The events that tell me this include 1) the formation in 2021 of a Joint Select Committee of the Parliament to come up with a draft bill; 2) debate on that bill by both Houses in 2021; 3) assent by the President to the act on July 1, 2022; and 4) proclamation of the act by the President on the official date of November 8, 2022.
The act, short-titled the Miscellaneous Provisions (Local Government Reform) Act, 2022, amends the Municipal Corporations Act, Chap 25:04 and 9 other acts in order, ostensibly, to reform local government in Trinidad via the corporations. It invites the assumption that it is going to lead to improvement of the quality of governance in the corporations and, by extension, Trinidad, and Trinidad and Tobago. But it does not lay out the ways in which the improvement will come.
I would have wanted the Government to explain to the public that the act contains the instruments to empower the various corporations to create much-needed change in the way the latter and the country as a whole are run. But I anticipate the retort that they did that in the debate in Parliament and, before the debate, in exchanges between themselves and certain interest groups and individuals whom they directly and indirectly addressed on the matter of commentary on the reform.
I did not seize the opportunity of the general call for ideas in 2021 as I was expecting the JSC to 1) seek the input of the general public in town hall meetings in suitably located meeting spots, and 2) come to Tobago since the views of residents in the island must be important and relevant to any reform of government in the nation of Trinidad and Tobago.
But the powers-that-be do not conceptualise governance in that way.

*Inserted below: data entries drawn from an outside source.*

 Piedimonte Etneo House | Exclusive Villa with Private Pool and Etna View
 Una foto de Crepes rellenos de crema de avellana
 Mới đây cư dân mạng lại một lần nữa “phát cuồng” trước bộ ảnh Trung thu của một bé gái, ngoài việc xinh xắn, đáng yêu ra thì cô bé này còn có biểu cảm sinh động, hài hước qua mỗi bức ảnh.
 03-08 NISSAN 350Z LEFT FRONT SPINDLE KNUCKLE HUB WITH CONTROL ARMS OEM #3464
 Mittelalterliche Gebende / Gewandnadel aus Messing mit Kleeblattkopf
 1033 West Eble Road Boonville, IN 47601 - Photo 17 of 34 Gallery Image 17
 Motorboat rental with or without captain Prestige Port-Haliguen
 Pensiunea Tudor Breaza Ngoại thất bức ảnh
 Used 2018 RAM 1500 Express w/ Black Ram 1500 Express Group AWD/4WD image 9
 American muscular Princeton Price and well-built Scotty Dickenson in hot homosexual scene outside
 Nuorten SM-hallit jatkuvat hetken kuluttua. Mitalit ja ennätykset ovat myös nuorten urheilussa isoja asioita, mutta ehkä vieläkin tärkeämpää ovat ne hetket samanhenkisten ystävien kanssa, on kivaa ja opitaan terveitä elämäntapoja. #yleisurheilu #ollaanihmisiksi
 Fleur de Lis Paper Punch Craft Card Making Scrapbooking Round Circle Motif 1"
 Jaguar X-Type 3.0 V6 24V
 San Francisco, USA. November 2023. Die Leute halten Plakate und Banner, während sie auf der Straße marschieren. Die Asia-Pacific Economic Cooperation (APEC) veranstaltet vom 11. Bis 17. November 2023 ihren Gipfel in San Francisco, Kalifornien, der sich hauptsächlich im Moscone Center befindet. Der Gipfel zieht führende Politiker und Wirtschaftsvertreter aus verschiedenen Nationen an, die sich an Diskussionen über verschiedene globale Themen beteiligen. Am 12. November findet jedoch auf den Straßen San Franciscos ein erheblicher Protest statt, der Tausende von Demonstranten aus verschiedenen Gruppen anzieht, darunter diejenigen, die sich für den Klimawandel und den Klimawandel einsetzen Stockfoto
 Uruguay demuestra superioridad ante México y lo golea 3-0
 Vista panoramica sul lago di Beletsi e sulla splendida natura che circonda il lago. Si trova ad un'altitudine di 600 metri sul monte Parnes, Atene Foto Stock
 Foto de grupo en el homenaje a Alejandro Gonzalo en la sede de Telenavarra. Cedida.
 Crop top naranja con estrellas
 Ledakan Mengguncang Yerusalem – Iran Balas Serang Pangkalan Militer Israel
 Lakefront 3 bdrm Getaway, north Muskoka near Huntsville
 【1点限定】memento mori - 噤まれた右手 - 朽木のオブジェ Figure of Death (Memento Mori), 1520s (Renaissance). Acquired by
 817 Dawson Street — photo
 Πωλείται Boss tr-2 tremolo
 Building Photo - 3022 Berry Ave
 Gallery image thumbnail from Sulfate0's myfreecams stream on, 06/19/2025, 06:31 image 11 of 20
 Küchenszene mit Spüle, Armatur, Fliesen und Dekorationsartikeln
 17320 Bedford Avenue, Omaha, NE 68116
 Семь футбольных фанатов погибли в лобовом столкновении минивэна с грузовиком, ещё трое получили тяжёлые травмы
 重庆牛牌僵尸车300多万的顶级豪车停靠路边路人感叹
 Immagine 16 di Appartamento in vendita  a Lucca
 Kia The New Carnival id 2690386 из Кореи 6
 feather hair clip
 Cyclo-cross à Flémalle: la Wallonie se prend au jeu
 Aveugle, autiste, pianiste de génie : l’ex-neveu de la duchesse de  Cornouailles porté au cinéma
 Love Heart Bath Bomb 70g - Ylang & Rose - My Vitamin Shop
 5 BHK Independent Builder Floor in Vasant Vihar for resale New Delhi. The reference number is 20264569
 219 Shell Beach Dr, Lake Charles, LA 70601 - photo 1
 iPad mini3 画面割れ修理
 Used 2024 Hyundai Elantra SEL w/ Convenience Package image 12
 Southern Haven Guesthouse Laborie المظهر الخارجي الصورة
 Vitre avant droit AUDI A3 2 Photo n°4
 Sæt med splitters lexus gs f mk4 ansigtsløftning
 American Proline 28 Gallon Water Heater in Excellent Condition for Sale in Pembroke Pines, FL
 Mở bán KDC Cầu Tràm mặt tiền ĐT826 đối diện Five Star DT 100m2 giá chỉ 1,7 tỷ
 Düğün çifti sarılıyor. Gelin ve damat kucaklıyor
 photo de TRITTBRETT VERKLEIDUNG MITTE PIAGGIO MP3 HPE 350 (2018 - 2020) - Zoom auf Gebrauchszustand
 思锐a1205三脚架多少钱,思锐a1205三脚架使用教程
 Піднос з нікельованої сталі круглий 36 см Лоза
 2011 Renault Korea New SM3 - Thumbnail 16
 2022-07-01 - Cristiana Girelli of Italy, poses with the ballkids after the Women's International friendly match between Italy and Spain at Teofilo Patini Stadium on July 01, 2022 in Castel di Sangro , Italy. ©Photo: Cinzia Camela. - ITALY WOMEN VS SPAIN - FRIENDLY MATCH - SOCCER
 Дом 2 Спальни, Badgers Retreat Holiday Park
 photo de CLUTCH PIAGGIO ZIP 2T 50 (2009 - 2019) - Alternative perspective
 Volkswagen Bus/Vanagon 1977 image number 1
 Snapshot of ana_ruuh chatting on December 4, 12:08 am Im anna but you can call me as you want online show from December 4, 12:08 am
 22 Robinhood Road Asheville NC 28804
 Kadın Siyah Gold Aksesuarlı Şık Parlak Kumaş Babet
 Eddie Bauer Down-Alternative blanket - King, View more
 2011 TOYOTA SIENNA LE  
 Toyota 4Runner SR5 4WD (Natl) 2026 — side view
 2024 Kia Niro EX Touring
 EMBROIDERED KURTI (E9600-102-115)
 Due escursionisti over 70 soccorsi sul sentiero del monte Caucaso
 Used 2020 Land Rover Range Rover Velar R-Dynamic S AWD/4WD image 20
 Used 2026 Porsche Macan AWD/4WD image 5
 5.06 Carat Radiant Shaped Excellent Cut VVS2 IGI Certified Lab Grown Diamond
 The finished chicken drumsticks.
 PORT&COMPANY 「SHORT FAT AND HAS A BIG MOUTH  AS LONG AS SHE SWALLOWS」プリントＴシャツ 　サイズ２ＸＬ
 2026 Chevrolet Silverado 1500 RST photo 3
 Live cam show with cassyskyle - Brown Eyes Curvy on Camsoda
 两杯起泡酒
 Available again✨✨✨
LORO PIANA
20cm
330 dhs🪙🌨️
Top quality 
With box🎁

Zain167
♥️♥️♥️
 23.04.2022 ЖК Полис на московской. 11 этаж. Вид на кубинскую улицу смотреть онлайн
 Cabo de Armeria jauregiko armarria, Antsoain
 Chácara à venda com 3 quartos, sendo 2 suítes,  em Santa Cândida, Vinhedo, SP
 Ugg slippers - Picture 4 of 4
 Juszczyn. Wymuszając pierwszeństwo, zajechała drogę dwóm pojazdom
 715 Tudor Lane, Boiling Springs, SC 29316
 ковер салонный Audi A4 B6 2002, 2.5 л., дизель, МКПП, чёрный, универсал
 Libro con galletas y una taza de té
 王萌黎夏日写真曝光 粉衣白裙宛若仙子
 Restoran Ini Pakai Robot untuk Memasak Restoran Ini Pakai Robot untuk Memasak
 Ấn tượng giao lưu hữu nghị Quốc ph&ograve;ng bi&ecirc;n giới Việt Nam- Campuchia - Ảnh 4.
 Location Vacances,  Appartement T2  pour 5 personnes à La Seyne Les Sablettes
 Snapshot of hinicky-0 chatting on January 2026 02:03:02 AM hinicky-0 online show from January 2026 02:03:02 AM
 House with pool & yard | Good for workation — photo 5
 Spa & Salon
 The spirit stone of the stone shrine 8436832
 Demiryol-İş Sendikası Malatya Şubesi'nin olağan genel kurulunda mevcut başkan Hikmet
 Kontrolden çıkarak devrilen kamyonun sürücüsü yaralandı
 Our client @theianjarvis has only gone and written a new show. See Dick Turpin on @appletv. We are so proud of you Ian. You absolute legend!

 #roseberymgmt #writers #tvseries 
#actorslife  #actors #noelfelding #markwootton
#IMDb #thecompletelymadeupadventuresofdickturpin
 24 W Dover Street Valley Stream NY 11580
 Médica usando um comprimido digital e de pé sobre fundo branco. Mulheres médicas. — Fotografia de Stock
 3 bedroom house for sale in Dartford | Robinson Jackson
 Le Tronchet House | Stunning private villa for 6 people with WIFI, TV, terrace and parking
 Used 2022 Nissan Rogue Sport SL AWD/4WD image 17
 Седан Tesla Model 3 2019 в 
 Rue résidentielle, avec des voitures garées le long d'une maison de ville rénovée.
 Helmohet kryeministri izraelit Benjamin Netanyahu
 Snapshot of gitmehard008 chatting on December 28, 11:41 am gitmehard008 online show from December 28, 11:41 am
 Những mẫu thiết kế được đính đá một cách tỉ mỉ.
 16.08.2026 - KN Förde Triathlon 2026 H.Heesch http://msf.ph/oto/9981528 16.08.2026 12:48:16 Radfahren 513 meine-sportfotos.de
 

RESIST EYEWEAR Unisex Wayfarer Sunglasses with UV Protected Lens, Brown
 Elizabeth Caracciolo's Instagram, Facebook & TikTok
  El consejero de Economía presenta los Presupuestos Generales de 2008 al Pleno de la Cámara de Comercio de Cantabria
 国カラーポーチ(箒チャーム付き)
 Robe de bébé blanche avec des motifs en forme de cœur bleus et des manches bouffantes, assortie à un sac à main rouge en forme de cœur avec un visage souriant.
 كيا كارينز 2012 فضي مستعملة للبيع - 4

They seem to think that Tobago’s views on the matter must be confined to governance by the House of Assembly and, in some ill-defined way, to the country as a whole, and that Trinidad’s views must stick to governance by the corporations and, also in some ill-defined way, to the country as a whole.
Interestingly, in line with what Dr Rowley promoted in the early days of his first tenure as the model for the new governance model for the corporations, the proclaimed model borrows ideas from the THA Act. One of the interesting changes is four-year terms of office instead of three-year terms.
Some of the other changes are:
Creation of divisions like the THA Divisions to handle areas of administrative responsibility led by elected officials;
Replacement of the office of ‘City/Town Clerk’ with that of ‘Chief Executive Officer’;
Creation of an Executive Council comprising a Mayor, a Deputy Mayor and no more than six councillors/aldermen who will be called secretaries and be in charge of divisions just as is the case in the THA;
Creation of an Executive Council headed by an appointed Chief Executive Officer;
Making the Chief Executive Officer the ex officio Secretary of the Executive Council;
Creation of an Audit Committee–composed of two members appointed by the mayor, one member nominated by the minority members, two members from Civil Society or one from Civil Society and one from the Central Audit Unit of the Ministry of Finance appointed by the mayor–charged with providing ‘independent assurance and advice to the council in a number of areas, including risk management, internal audit, financial statements, and compliance requirements.
One big question for me is whether the Government consulted broadly enough on this matter of local government reform for Trinidad. I don’t think so. Nobody I have talked to, whether of high or low education, is aware of the provisions for reform, and this fact may suggest that their view did not count. Another big question is whether and how the provisions fit into the overall scheme of governance of the country.
But that is a matter for another day.